The matrices written to d1 are converted into Matrix{Real} while the original types are retained for the matrices written to d2. So, there must be a difference between d1 and d2 resulting from the different type annotations. I couldn’t find much about this in the docs, but I might have overlooked something. Somewhere it said that <: Real is just shorthand for T where T <: Real which doesn’t make much sense in this case.
I noticed that d2 |> valtype |> eltype gives Any. Is that annotation actually just equivalent to Any? Even if that was the case, why is the no conversion to Matrix{Any}? In the long run I’m actually trying to understand if such a type annotation makes sense or not, cause somewhere in the docs it also said that if you are somehow forced to have containers with abstract types you should consider annotating those with Any as type checking could harm performance otherwise.
when you have Matrix{<:Real}, it means the value of this dictionary can be any Matrix{T} as long as T <: Real, which means that Matrix{Float64} already “fits in”.
because that’s what it is, <:Real doesn’t give you a concrete set of types because at run time people can sub-type it. and returning Real would be wrong because Real is just one of many types that satisfy T <: Real
Sure, both set of types are limitless in a way but certainly not equal. I just wondered were the constrained went. I guess in terms of performance Dict{String, Any} would still be preferable over Dict{String, Matrix{<:Real}}, right? As the type constrained introduces additional type checking at runtime.
Under performance tips, it said:
If you cannot avoid containers with abstract value types, it is sometimes better to parametrize with Any to avoid runtime type checking. E.g. IdDict{Any, Any} performs better than IdDict{Type, Vector}
julia> struct Foo{X} x::X end
julia> eltype(Foo{String})
Any
julia> struct Bar end
julia> eltype(Bar)
Any
julia> function baz end
baz (generic function with 0 methods)
julia> eltype(baz)
Any
julia> eltype(Any)
Any
Ah, I see, thank you. So both Anys came from two different implementations and there is probably something like eltype(t::Any) = Any somewhere in Core or Base.

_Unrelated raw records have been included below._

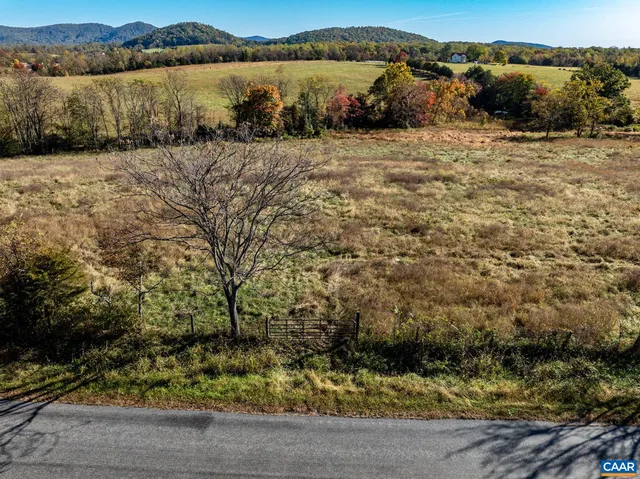 a view of yard covered with snow in front of house
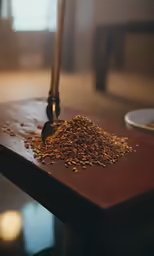 a wooden table with spices and a spoon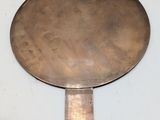 a large metal mirror hanging on the wall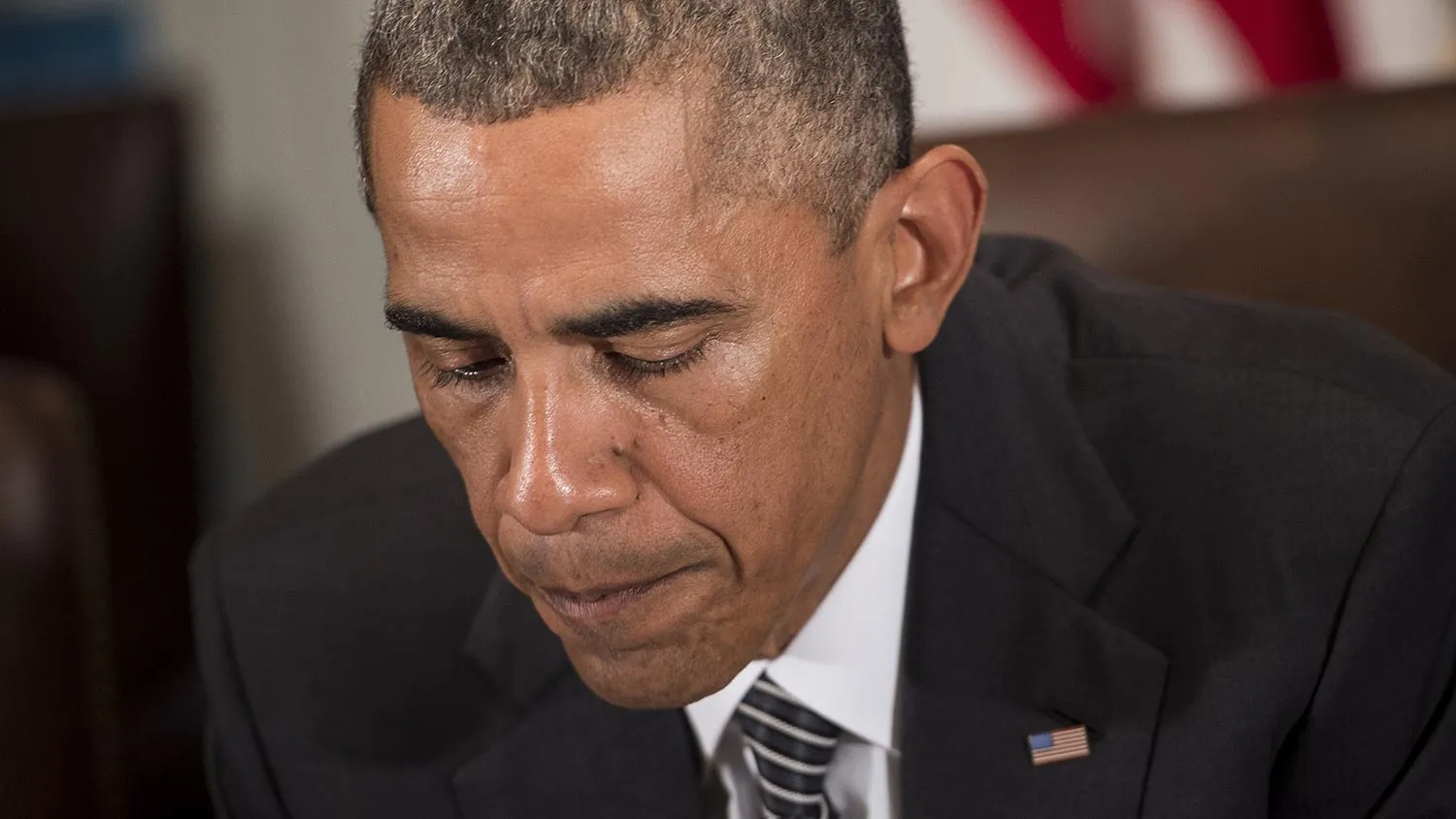 US President Barack Obama pauses while making a statement for the press after a meeting in the Cabinet Room of the White House October 15, 2014 in Washington, DC. Obama canceled campaign and fundraising travel for Democrats to attend the meeting on Ebola after a second case of the disease was contracted inside the United States.
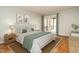 Well-lit primary bedroom with a plush bed, stylish lamps, and access to a private balcony at 2916 Rue Sans Famille, Raleigh, NC 27607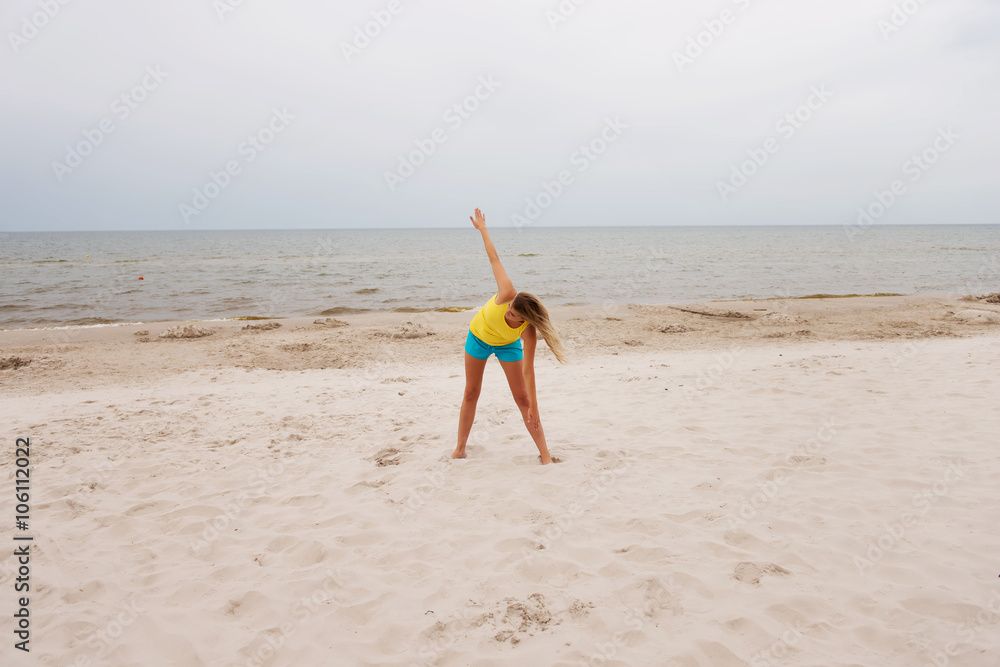 Young woman making yoga exercises on the beach Young woman making yoga exercises on the beach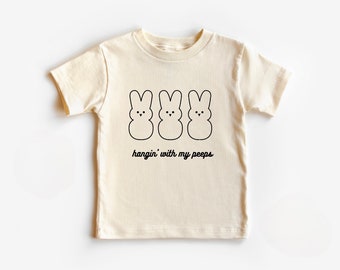 Peut inclure: Un t-shirt à manches courtes de couleur crème avec un motif noir de trois Peeps de dessin animé et le texte "hangin' with my peeps".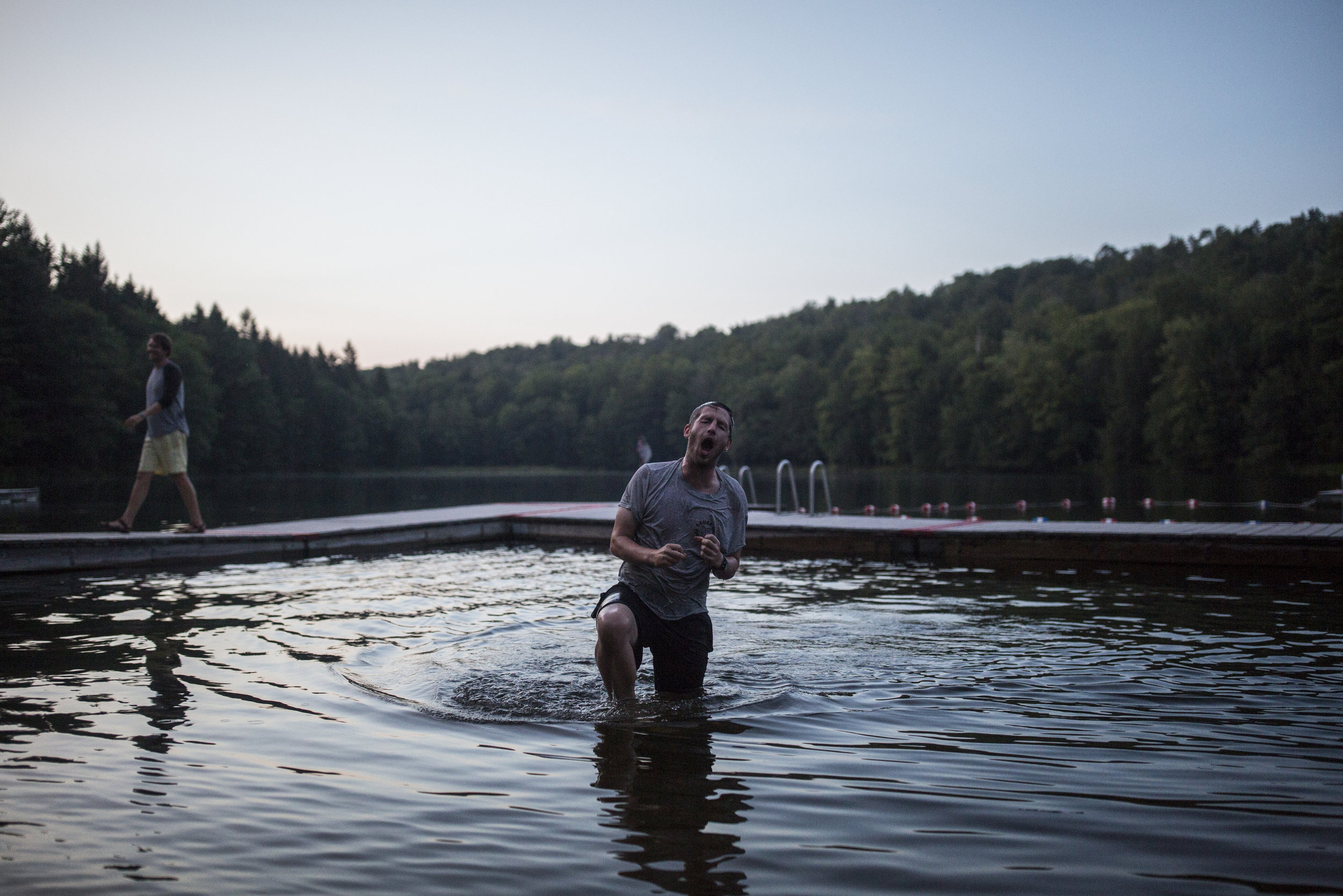  Jack Schott, one of the founders and directors of stomping ground, reacts to being thrown in the lake at the end of an all-camp game. 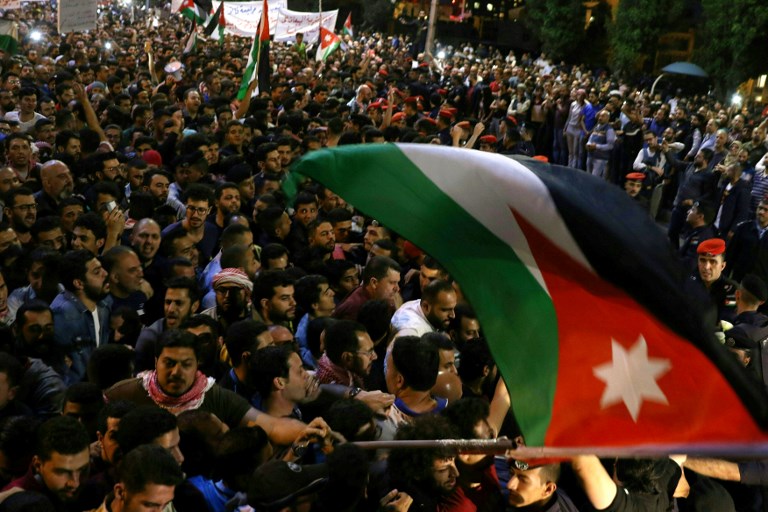 Demonstrators wave a Jordanian flag in front of Jordanian police officers during a protest near the prime minister's office in Amman, Jordan, on June 5, 2018.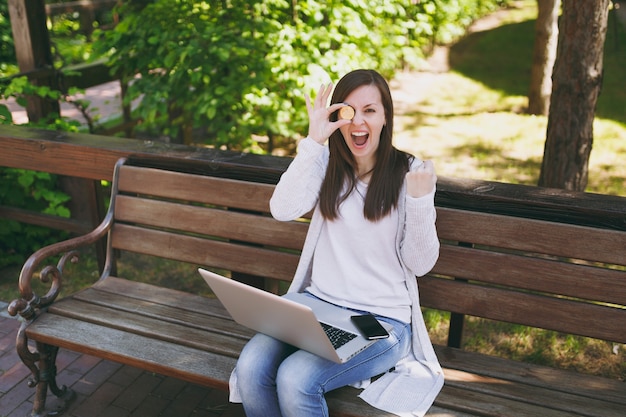 Young female in light casual clothes. Woman sitting on bench holding bitcoin coin of golden color working on modern laptop pc computer in street outdoors. Mobile Office Online virtual currency concept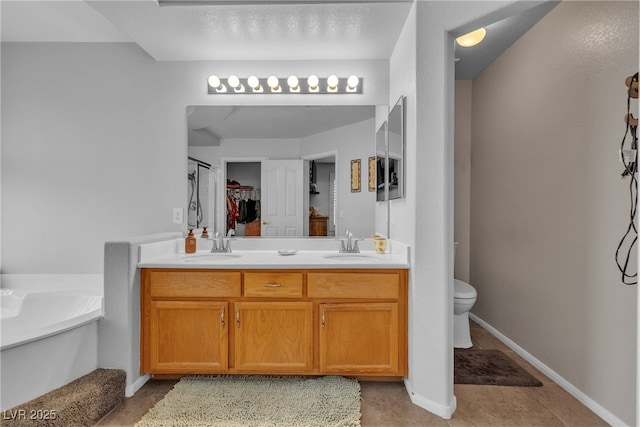 1877 Glory Lily Ct, Las Vegas, NV 89123 - full bathroom featuring double vanity and a tub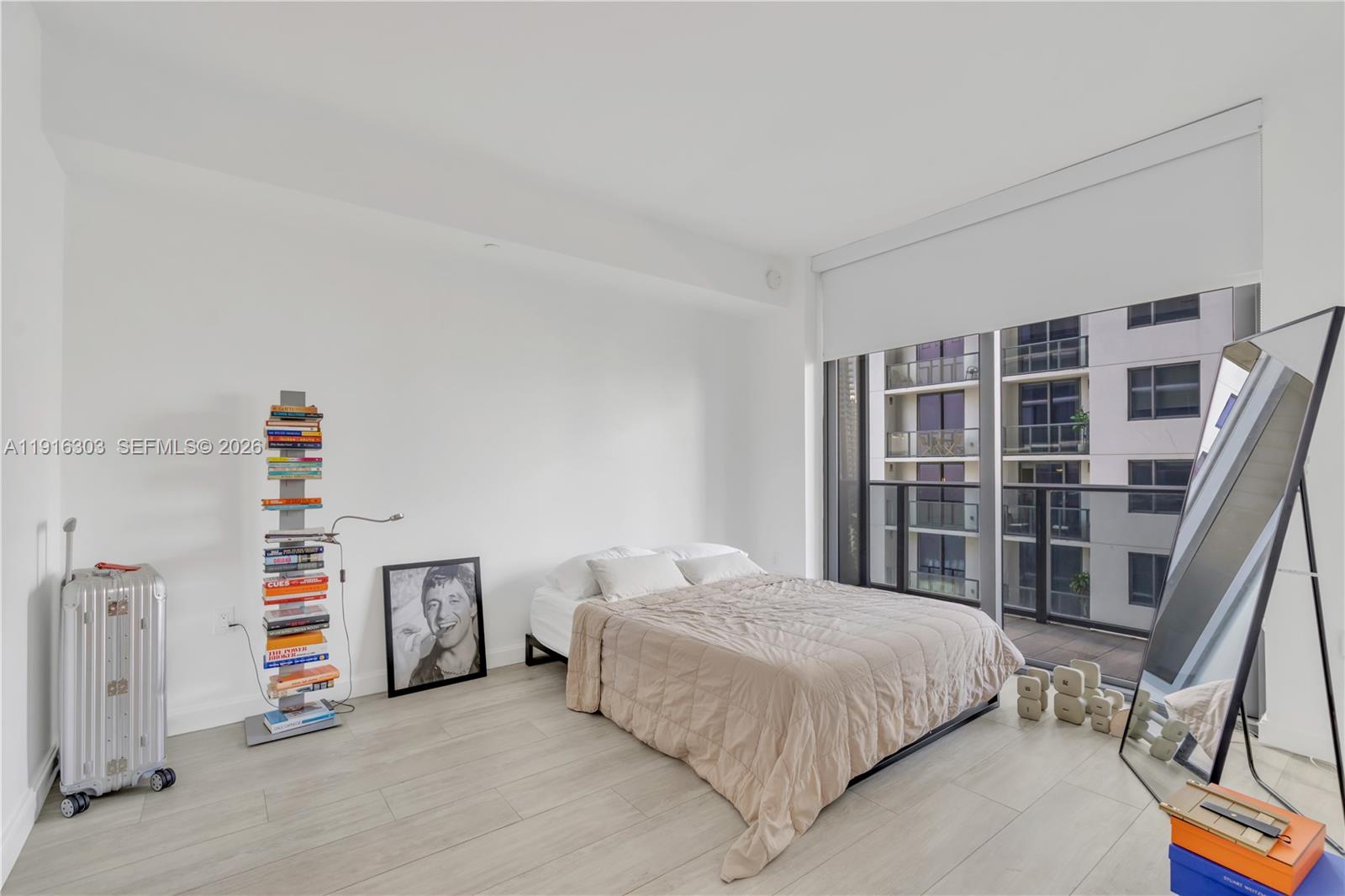 55 Southwest 9th Street, Unit 2610 Miami, FL 33130 - Photo 8 of 21 a bedroom with a bed and a book shelf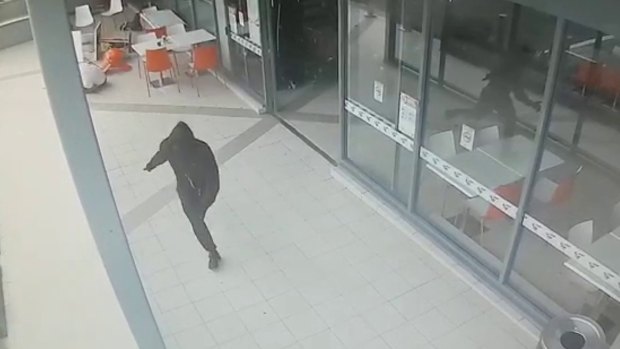 A hooded figure runs from Bankstown Central after shooting Wally Ahmad on April 29, 2016.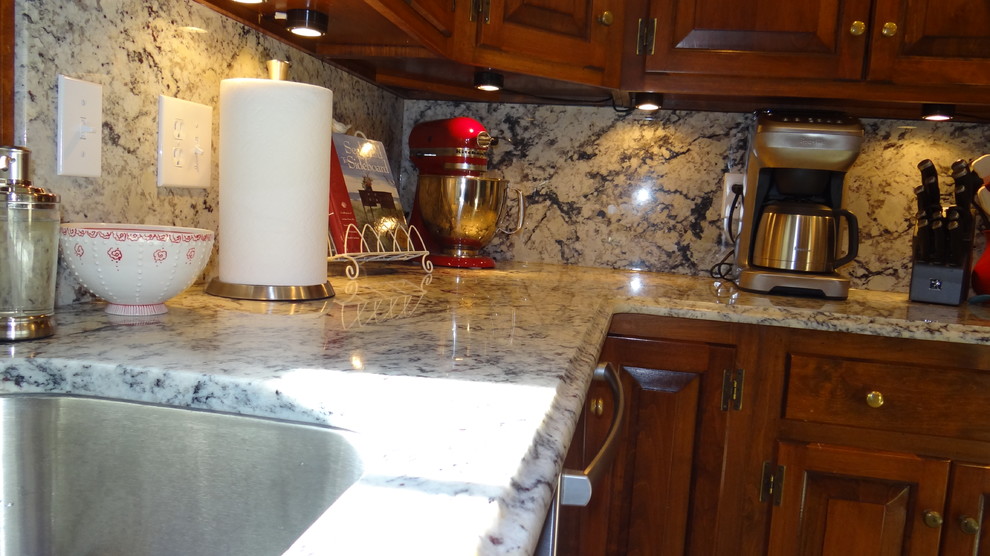 White eyes granite with full height granite backsplash Traditional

julia> @which eltype(Vector{Any})
eltype(::Type{<:AbstractArray{E}}) where E
@ Base abstractarray.jl:236
julia> @which eltype(Vector{<:Real})
eltype(::Type)
@ Base abstractarray.jl:233
The fact that eltype(Vector{Real}) == Real, yet eltype(Vector{<:Real}) == Any, is probably a bug I think? I would argue the latter should return Real too.
To answer your actual question though: Dict{String, Matrix{<:Real}} is better, because although you suffer type instability from accessing the Dict’s member element Matrix, as soon as you pass it through a function barrier its type gets inferred, the correct specialization gets dispatched, and accessing all the elements of the Matrix is type-stable.
For example:
julia> using BenchmarkTools
julia> s1() = sum(d1["a"])
s1 (generic function with 1 method)
julia> s2() = sum(d2["a"])
s2 (generic function with 1 method)
julia> @btime s1();
303.571 ns (15 allocations: 240 bytes)
julia> @btime s2();
54.065 ns (1 allocation: 16 bytes)
Thanks again! I definitely agree with you. Maybe it actually is a bug. If it’s not I would be very interested in the explanation why it is the way it is.
A word of caution though, when working with type-unstable collections like this:
If you don’t have a function barrier, then using the better data structure can be slower. Take this for example:
julia> foo1(d) = let a=d["a"], s=zero(eltype(a))
for i=eachindex(a); s+=a[i] end
s
end
foo1 (generic function with 1 method)
julia> @btime foo1($d1);
@btime foo1($d2);
285.930 ns (16 allocations: 256 bytes)
1.350 μs (37 allocations: 864 bytes)
A function barrier creates an opportunity for the compiler to infer the concrete type, compile a specialization, and dynamically dispatch to it, even if it’s an inner function defined only locally:
julia> foo2(d) = let a=d["a"]
s(a) = let s=zero(eltype(a)); for i=eachindex(a); s+=a[i] end; s end
s(a)
end
foo2 (generic function with 1 method)
julia> @btime foo2($d1);
@btime foo2($d2);
291.829 ns (16 allocations: 256 bytes)
38.648 ns (1 allocation: 16 bytes)
julia> foo1(d1) ≡ foo2(d1) && foo1(d2) ≡ foo2(d2)
true
But what’s wrong with Real in this case? Giving up is one thing, but I understood the argument to be that Any is somehow ‘more correct’, which is confusing.